Principle:Obss Sahi COCO Dataset Slicing
| Knowledge Sources | |
|---|---|
| Domains | Object_Detection, Data_Engineering, Image_Processing |
| Last Updated | 2026-02-08 12:00 GMT |
Overview
A dataset preparation technique that tiles COCO-annotated images and their corresponding annotations into smaller patches, producing a new COCO dataset optimized for training small object detection models.
Description
While image slicing during inference improves small object detection at test time, training models on sliced data can further improve performance. COCO dataset slicing applies the same tiling strategy to the training set, producing a new dataset where:
- Each original image is divided into overlapping tiles
- Annotations (bounding boxes and segmentation masks) are clipped to each tile boundary
- Annotations that fall below a minimum area ratio after clipping are discarded
- The sliced images and adjusted annotations are exported as a new COCO-format dataset
This principle ensures that the model trains on the same data distribution it will see during sliced inference, improving detection accuracy for small objects.
Key challenges addressed:
- Annotation clipping: Bounding boxes and segmentation polygons must be geometrically intersected with the slice boundary
- Area filtering: Heavily clipped annotations (where most of the object falls outside the slice) are removed to avoid training on incomplete objects
- Coordinate adjustment: Annotation coordinates are transformed from full-image space to slice-local space
- Multi-scale support: Multiple slice sizes can be specified to create a multi-scale training dataset
Usage
Use COCO dataset slicing when preparing training data for small object detection tasks. This is typically done offline as a preprocessing step before training. Common use cases include:
- Aerial/satellite imagery where objects are very small
- Surveillance datasets with distant subjects
- Any dataset where the target objects are small relative to image resolution
Theoretical Basis
The annotation slicing process for each tile:
# Pseudocode for annotation slicing
def slice_annotations(annotations, slice_bbox, min_area_ratio):
sliced = []
for ann in annotations:
if not overlaps(ann.bbox, slice_bbox):
continue
clipped_ann = clip_to_boundary(ann, slice_bbox)

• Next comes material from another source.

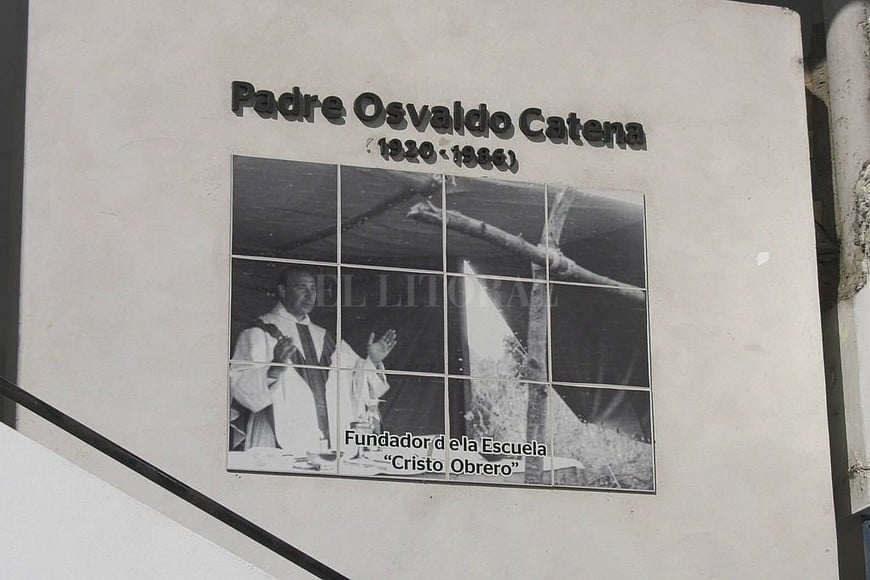 ELLITORAL_395968 |   GRAN HOMBRE, GRAN OBRA. El Padre Osvaldo Catena fue, sin dudas, la persona que más hizo por el progreso de este barrio. Y allí está, en cualquier parte donde se lo quiera buscar, bendiciendo a su gente. El sacerdote falleció en noviembre de 1986.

if clipped_ann.area / ann.area >= min_area_ratio:
# Shift coordinates to slice-local space
clipped_ann.bbox -= [slice_bbox.x, slice_bbox.y, 0, 0]
sliced.append(clipped_ann)
return sliced
The min_area_ratio parameter (default 0.1) controls the aggressiveness of filtering. A value of 0.1 means annotations must retain at least 10% of their original area after clipping to be included. This prevents training on tiny fragments of objects that happen to barely overlap with a slice boundary.